Error in import: module 'random' has no attribute 'randint'


I was testing the corrected code for this question: Modify global variables . And when I try to execute it in the terminal it throws me an error that says that the% random module does not have the randint attribute (which does not seem to make any sense to me):


random = random.randint (1,10)
  AttributeError: module 'random' has no attribute 'randint'

For what it's worth, I'm running it on a PC with Ubuntu Gnome with Anaconda installed.

asked by MahaSaka 22.09.2017 в 00:33

1 answer


It is important not to create a module called in the same directory where the script is (or in the current working directory in the case of the interactive interpreter) that attempts to import random.randint of the stdlib. In general, try to avoid naming our script with names that may conflict with the standard library or with other external libraries installed (such as naming modules with the word "django" when working with this framework).

This has to do with what directories and in what order the imports are resolved. When a module is imported (absolute amount), for example using:

>>> import random

The interpreter looks for that module in the following locations and in this order:

  • Built-in modules (stdlib).

  • The directory that contains the script or the current directory if no script is specified (for example when executing the interactive interpreter in the terminal).

  • Search the PYTHONPATH

  • Default path dependent on installation, for example /usr/local/lib/python .

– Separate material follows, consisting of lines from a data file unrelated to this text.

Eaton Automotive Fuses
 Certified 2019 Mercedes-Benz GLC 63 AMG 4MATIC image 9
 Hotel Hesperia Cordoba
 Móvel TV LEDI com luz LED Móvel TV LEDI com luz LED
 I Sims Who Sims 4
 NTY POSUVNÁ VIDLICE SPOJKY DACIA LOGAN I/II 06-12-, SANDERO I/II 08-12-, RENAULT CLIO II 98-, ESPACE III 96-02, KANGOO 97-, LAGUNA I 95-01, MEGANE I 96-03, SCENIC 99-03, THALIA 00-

  • So what happens here? In the documentation give us the answer:


    After initialization, Python programs can modify sys.path . The directory containing the script that is running is placed at the beginning of the search path, ahead of the standard library path . This means that the scripts of that directory will be loaded instead of the modules of the same name of the stdlib. This is a mistake, unless the replacement is thought.

    This also happens when a script that is inside a package is executed, since python will not interpret that directory as a package, thus adding the working directory to the PYTHONPATH as commented above.